GOAL OF THE EXERCISE: Give back the exact lines of the material below from the one containing "Pastel tone gold yelow green background" through the one containing "Série BARCELONA - Porte-rouleau", and no pictures.

GIVEN INFORMATION:
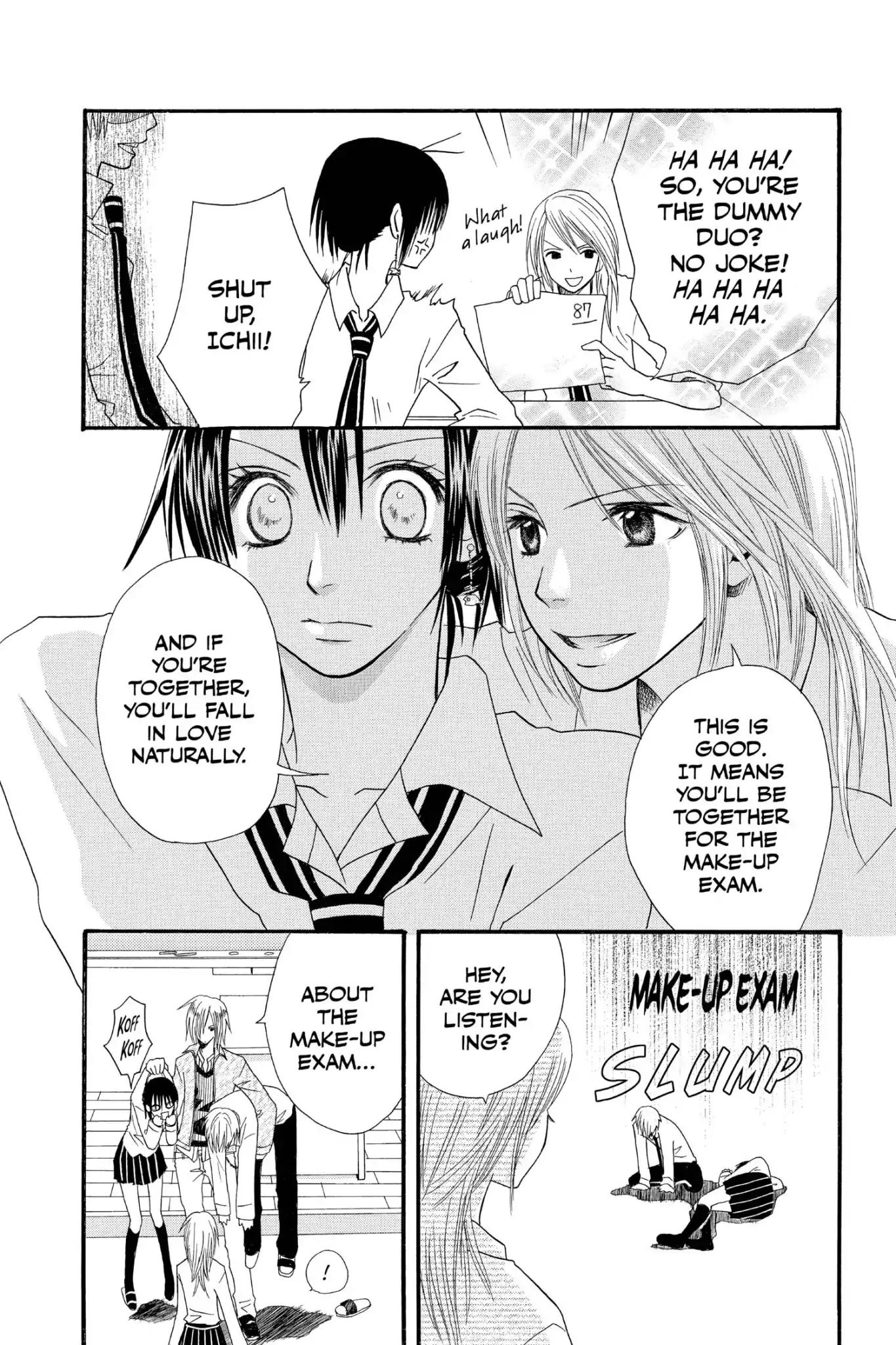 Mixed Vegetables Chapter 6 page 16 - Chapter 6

==

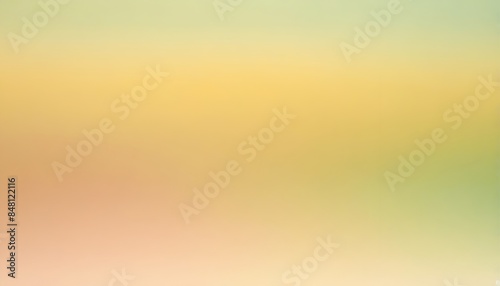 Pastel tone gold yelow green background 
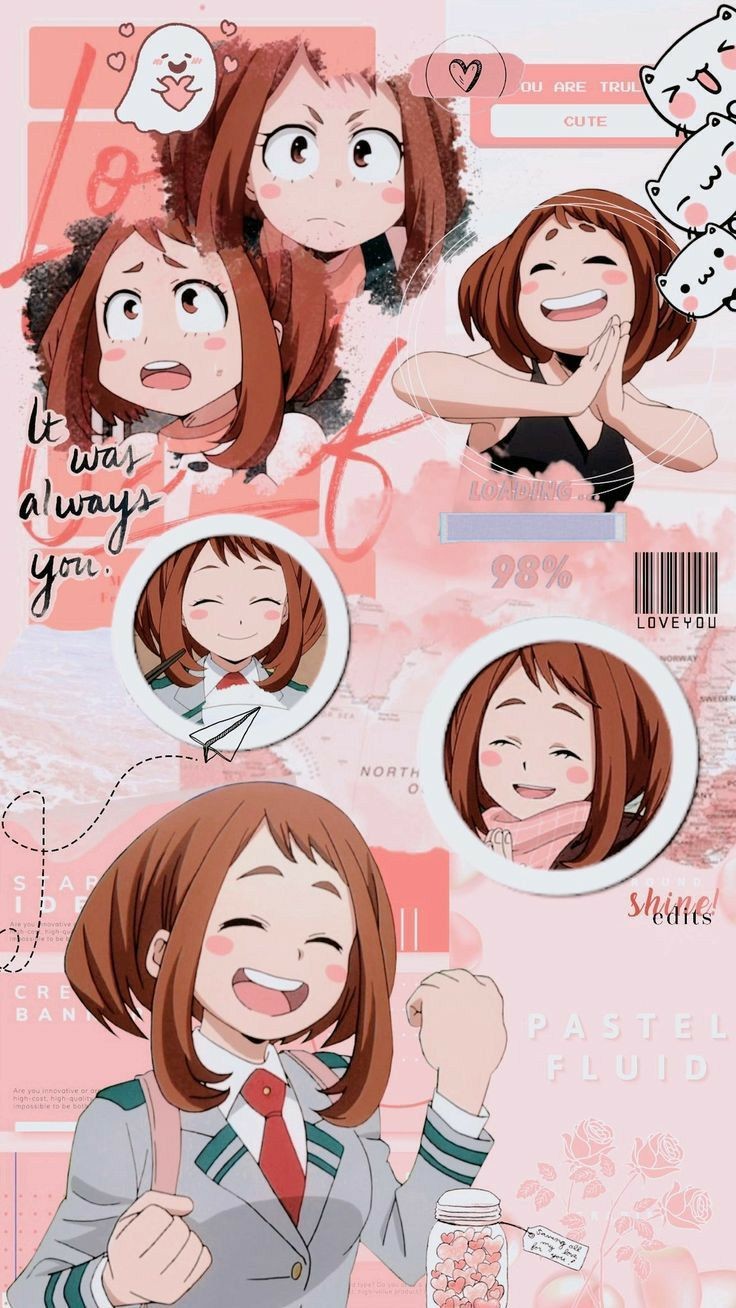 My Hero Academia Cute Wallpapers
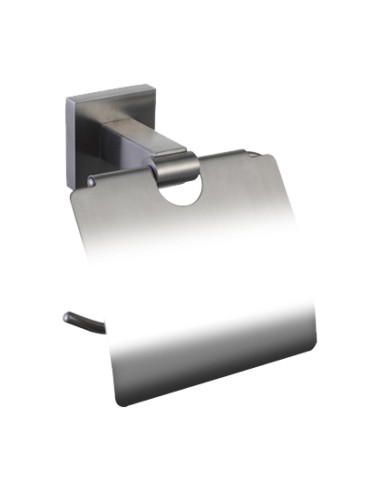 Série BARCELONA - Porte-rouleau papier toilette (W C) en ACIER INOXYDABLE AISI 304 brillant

SOLUTION:
 Pastel tone gold yelow green background 
 My Hero Academia Cute Wallpapers
 Série BARCELONA - Porte-rouleau papier toilette (W C) en ACIER INOXYDABLE AISI 304 brillant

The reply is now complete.